*MATERIAL FOR THIS TASK*:
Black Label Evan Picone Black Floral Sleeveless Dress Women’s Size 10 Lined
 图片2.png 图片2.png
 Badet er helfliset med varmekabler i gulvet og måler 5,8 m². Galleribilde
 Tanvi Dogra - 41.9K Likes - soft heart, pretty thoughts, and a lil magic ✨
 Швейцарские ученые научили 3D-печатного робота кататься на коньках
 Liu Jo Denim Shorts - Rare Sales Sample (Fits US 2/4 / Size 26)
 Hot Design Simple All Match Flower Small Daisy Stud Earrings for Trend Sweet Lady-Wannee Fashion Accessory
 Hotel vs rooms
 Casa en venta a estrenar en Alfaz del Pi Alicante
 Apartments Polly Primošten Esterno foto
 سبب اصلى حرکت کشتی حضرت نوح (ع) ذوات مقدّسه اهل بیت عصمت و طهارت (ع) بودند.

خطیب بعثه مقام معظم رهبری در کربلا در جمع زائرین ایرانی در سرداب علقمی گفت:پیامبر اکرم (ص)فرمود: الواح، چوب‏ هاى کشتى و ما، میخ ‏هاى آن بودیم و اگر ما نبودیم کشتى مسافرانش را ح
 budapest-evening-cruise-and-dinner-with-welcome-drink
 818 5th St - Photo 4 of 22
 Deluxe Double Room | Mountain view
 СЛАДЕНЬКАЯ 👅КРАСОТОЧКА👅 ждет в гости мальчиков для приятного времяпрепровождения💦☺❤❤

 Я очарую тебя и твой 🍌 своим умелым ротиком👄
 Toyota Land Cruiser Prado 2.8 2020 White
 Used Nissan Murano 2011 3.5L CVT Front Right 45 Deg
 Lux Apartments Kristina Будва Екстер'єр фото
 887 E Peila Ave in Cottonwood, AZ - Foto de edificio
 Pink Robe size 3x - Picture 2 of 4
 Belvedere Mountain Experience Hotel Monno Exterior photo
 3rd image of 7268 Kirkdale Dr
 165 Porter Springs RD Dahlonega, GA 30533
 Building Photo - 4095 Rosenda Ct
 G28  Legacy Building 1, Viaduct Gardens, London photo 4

*WHAT YOU NEED TO DO*:
Search the entries for the string "Mountain" and copy each line where it occurs.

*COMPLETED TASK*:
 Deluxe Double Room | Mountain view
 Belvedere Mountain Experience Hotel Monno Exterior photo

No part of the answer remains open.